That's not to say CalAmp's results looked great on the surface. Quarterly revenue fell 0.8% year over year to $89.8 million, while adjusted net income declined 5% to $9.6 million. Adjusted net income per share was also flat from the same year-ago period, at $0.27. However, both the top and bottom lines were slightly above the midpoints of CalAmp's respective guidance ranges, which called for revenue of $86 million to $91 million and adjusted earnings per share (EPS) of $0.23 to $0.29.
Investors should also keep in mind that CalAmp's year-ago results included $6.7 million in revenue from its old Satellite segment, which ceased operations at the end of August 2016. Meanwhile, CalAmp's software and subscription services revenue climbed 5% to $15.7 million, and telematics systems sales increased 7.6% to $74.1 million. The latter included 29% growth in mobile resources management (MRM) telematics revenue, to $38.1 million.

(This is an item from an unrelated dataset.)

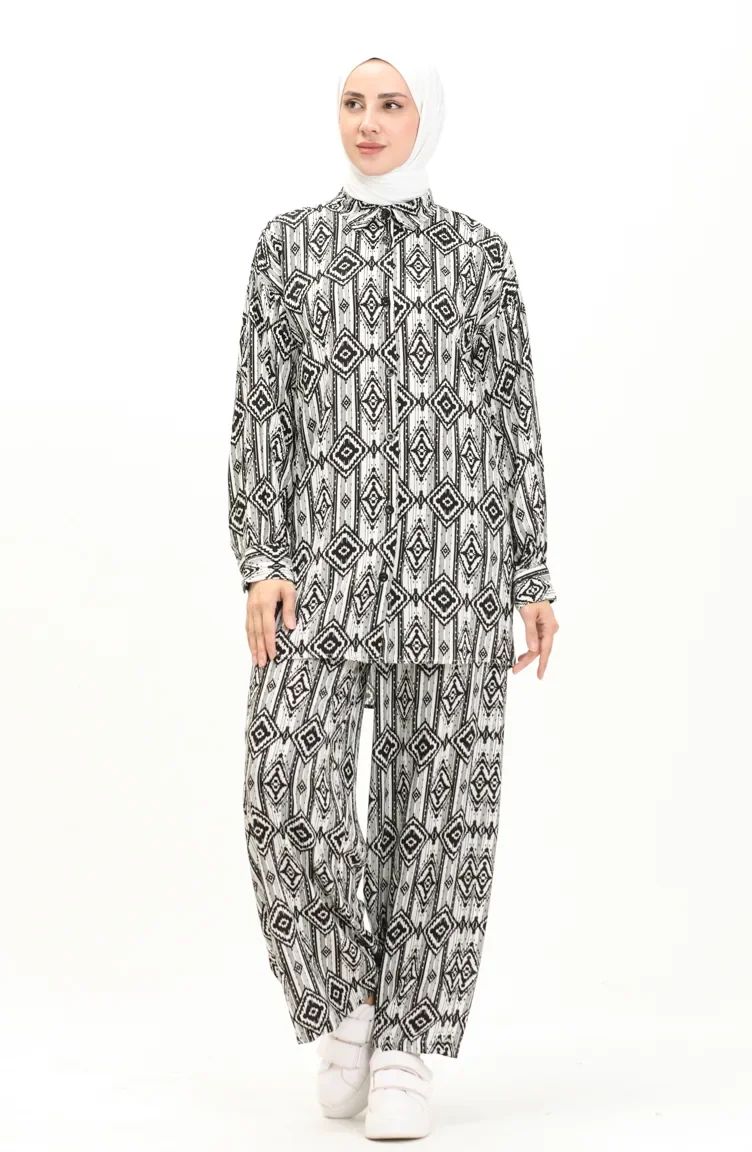 Viscose Fabric Patterned Tunic Trousers Double Suit 24Y2011-02 Black 24Y2011-02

As an aside, not included in CalAmp's adjusted (non-GAAP) results was a $15 million net gain from a legal settlement in June with a former LoJack supplier, which helped bolster the company's cash flow this quarter. CalAmp also told investors it expects to receive around $31 million of additional net proceeds from the settlement over the next year.
Finally -- and perhaps most encouraging -- CalAmp CEO Michael Burdiek noted the company expanded its relationship with a number of key customers. First, not only did CalAmp increase sales to Caterpillar to more than $10.5 million (good for a new quarterly record), but it also started shipments to another unnamed major global heavy equipment OEM during the quarter. In addition, CalAmp secured its largest-ever software-as-a-service (SaaS) contract win with a "blue-chip" freight transport customer to track its assets in North America. The deal should add 10% incremental growth to CalAmp's SaaS recurring revenue as it rolls out over the next few quarters.

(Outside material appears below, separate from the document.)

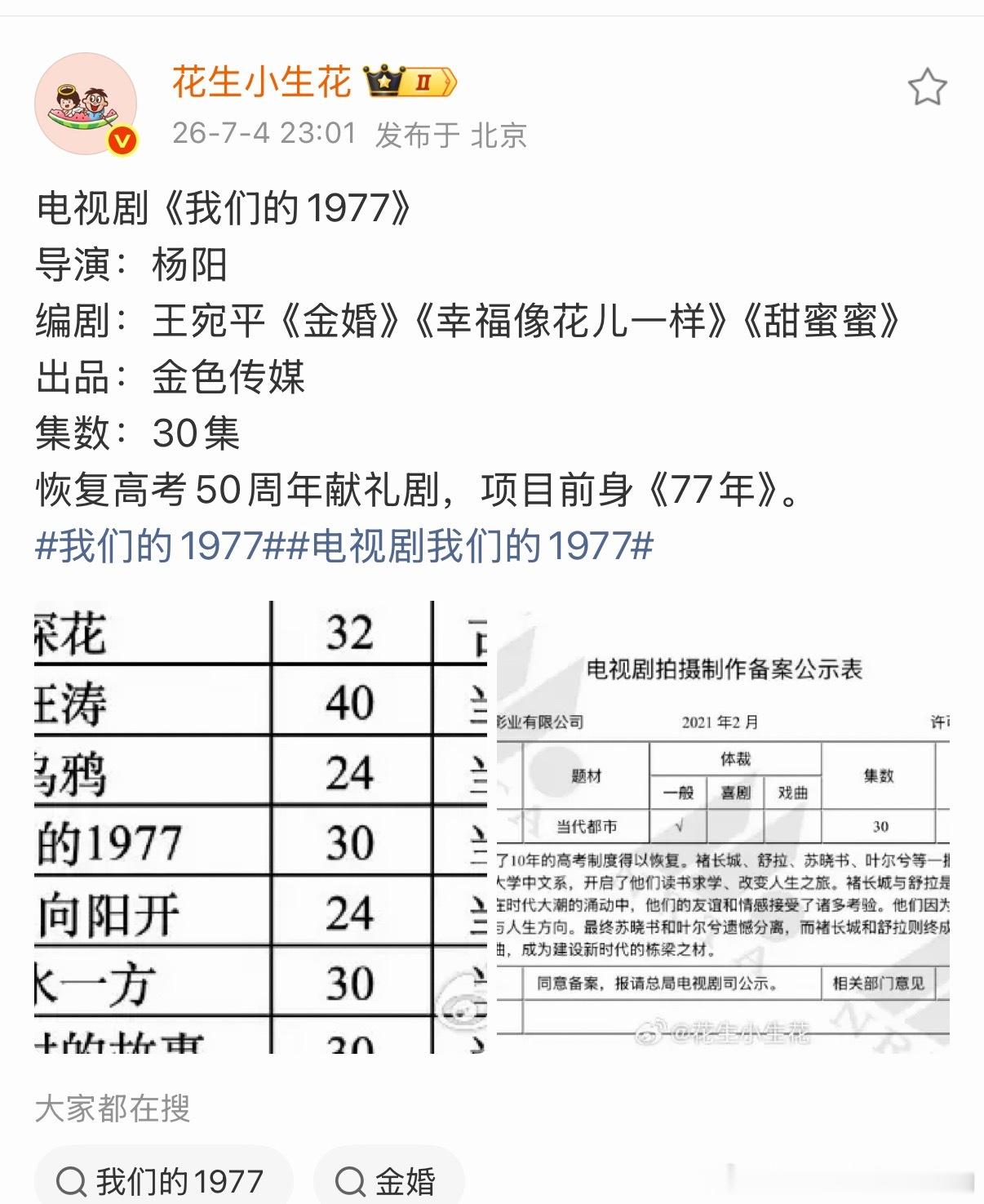 献礼剧《我们的1977》，编剧我的互关老师王宛平老师那指定很行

Finally, CalAmp told investors to expect current-quarter revenue in the range of $89 million to $94 million, and adjusted net income per share of $0.27 to $0.33. For perspective, Wall Street was anticipating roughly the same earnings ($0.30 per share) on revenue of $90.8 million, which was just below the midpoint of CalAmp's guidance range.
All told, there was nothing not to like about this quarter from a long-term shareholder's perspective. Just as management promised a few months ago, CalAmp's business is gaining strength as the year progresses. And it's no surprise to see the stock up big as a result today.